Source material Start Marker

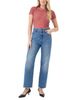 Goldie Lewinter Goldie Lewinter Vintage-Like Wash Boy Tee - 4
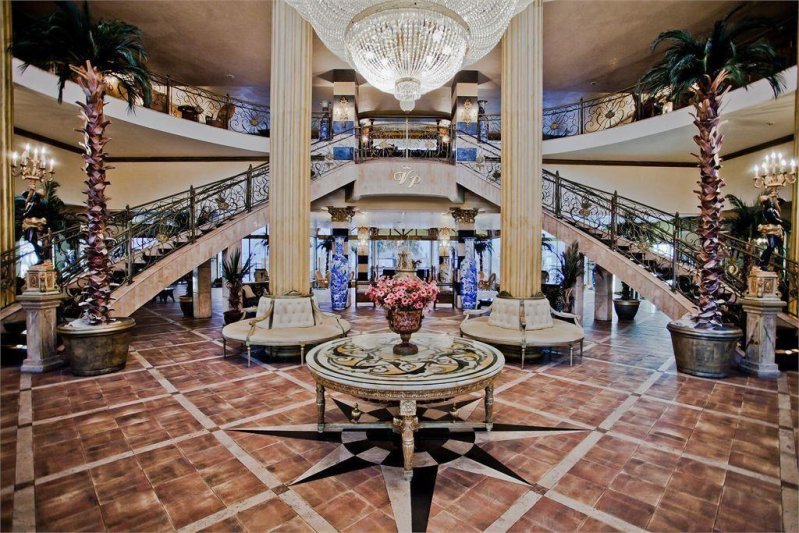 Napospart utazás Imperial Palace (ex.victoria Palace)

Source material End Marker
Source material Start Marker

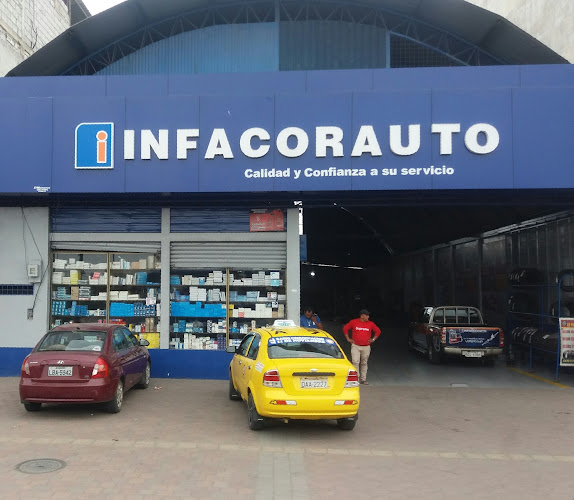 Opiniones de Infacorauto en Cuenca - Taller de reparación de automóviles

Source material End Marker

→ **Work order**:
With the pictures removed, print only the lines starting at the line that has "Goldie Lewinter Goldie" and ending at the line that has "Napospart utazás Imperial", both ends included, exactly as they stand above.

→ **Task response**:
 Goldie Lewinter Goldie Lewinter Vintage-Like Wash Boy Tee - 4
 Napospart utazás Imperial Palace (ex.victoria Palace)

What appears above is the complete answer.